= Seattle Foundation =

Seattle Foundation is the community foundation serving the greater Seattle area. Established in 1946, it is the oldest community foundation serving the Pacific Northwest, with assets of more than $965 million. As of 2017, it was the 21st largest community foundation in the United States.

== Services==

Under the leadership of its president and CEO Tony Mestres, Seattle Foundation offers an array of philanthropic services, including collective grant-making and impact investing. In 2013, the foundation awarded grants of more than $65 million. It has worked with Seattle and King County, Washington lawmakers on civic initiatives to increase voter turnout and provide services to immigrants and refugees.

== GiveBIG ==
Seattle Foundation's annual GiveBIG, a 24-hour online giving campaign designed to support King County and Washington state nonprofit organizations, has raised more than $100 million from 400,000 individual donations to nearly 1,600 different organizations since 2011. In its sixth year, GiveBIG was extended an extra 24 hours due to technical difficulties with Kimbia, the fundraising platform used by dozens of community foundations across the country on May 3, 2016. The foundation's eighth and final GiveBIG campaign was held on May 9, 2018.

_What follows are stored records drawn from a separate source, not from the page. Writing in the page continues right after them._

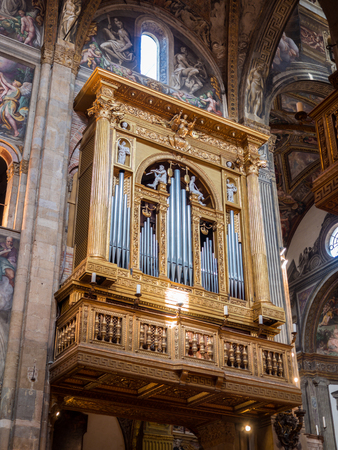 Parma, Italy - April 8, 2018: Magnificent golden and inlaid organ inside the cathedral.のeditorial素材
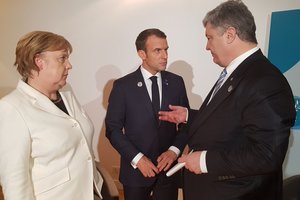 Порошенко, Меркель и Макрон обсуждают в Париже фейковые выборы на Донбассе
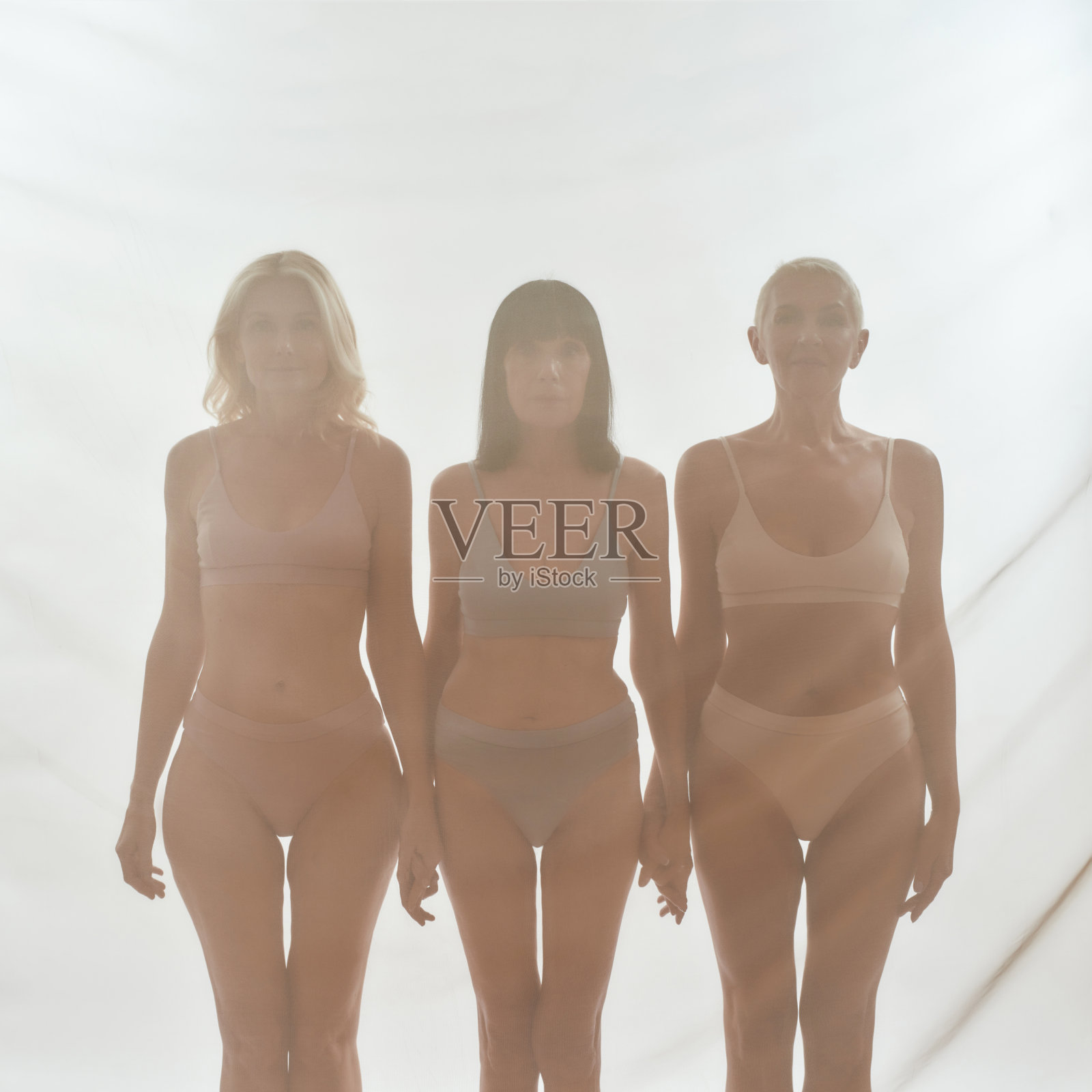 女人们在幕布后面手拉手照片摄影图片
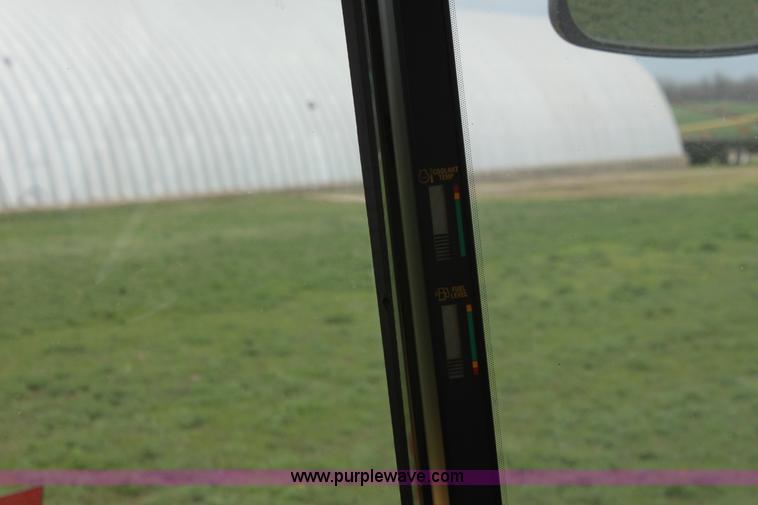 image for item F8710 2012 New Holland H8080 self-propelled swather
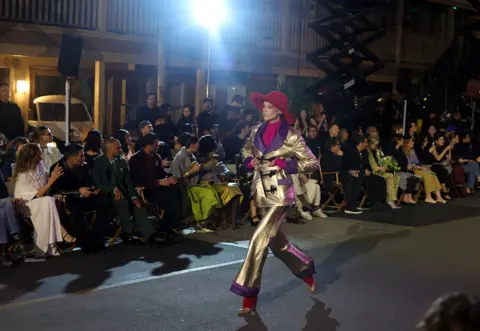 Getty Images A model strides along the runway during Vogue World: Hollywood 2025 at Paramount Studios in a gold suit with flaired trousers, purple trim and fushia pink blouse and socks. The audience claps in the background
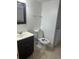 Cozy bathroom featuring a white toilet, vanity, sink, dark brown cabinets, and a mirror at 1926 Cattleya Dr, Kissimmee, FL 34741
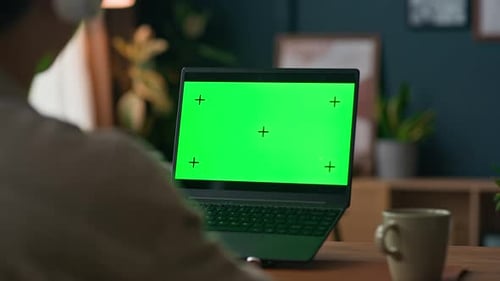 Freelance Worker Communicating during Video Call on Laptop with Green Screen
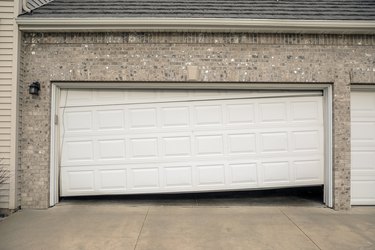 Broken Two Car Residential Garage Door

- June 23, 2011: $3.6 million
- May 2, 2012: $7.4 million
- May 15, 2013: $11.1 million
- May 6, 2014: $12.9 million
- May 5, 2015: $16.3 million
- May 3–4, 2016: $22 million
- May 10, 2017: $19 million
- May 9, 2018: $16.6 million

In November 2018, Seattle Foundation announced that GiveBIG 2019 would be run by 501 Commons, a Seattle-based nonprofit consulting service. The campaign was held May 8, 2019, raising $11.4 million.